Thanks @NobbZ…here’s a snippet of the code
response = HTTPoison.get(url,[timeout: 10_000, recv_timeout: 10_000])
case response do
{:ok, %HTTPoison.Response{body: body}} ->
{:ok, feed, _} = FeederEx.parse(body)
{:error,reason} -> IO.puts " #{inspect blogtoupdate} .... #{inspect reason}"
end
Is only ever one of this calls active or can there happen many at once?
Are you really sure that there can never be one more than a single active call to HTTPoison.request/5
at any given point in time?
:hackney
which is the workinghorse here, does use a connection pool, and if it is exhausted, it will wait up to :recv_timeout
milliseconds for a free connection. Therefore I do assume that simply the pool is massively exhausted in your case.
Perhaps you can find something in HTTPoison issue #73 that helps you to improve the pool management.

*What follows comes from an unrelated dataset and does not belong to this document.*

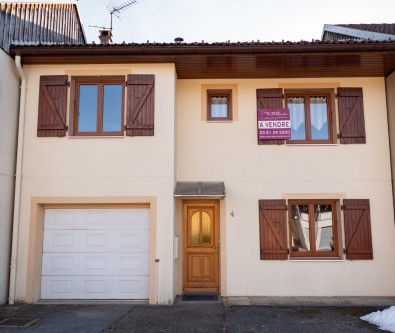 PONTARLIER : VILLA JUMELEE LUMINEUSE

But to be honest… {:error, :recv_timeout}
seems not to be a valid return value of HTTPoison.request/5
…
@nobbz…sorry…no…I am calling the list of urls serially :hackney
starts with a pool of 50
and it’s aHTTPoison.get
call and not HTTPoison.request
HTTPoison.get/3
is only a wrapper around HTTPoison.request/5
.
So lets try to figure out on this further…
- How often do you poll for updates?
- How many servers do you poll in sequence?
- When setting hackneys pool size to
1
, do you get the error faster as with the default? If you set it to 100 does the error get more rare or later?
sorry didn’t know that
Polling about 200 resources(URLs).This approximately takes about less than a minute.
I have left the pool size as it is i.e. 50
200 ressources, and the first 50 finish in less than 10 seconds, I asume. So everything in the pool is waiting for beeing used again for server 1, 2, 3, …, 50, while you request a connection for server 200.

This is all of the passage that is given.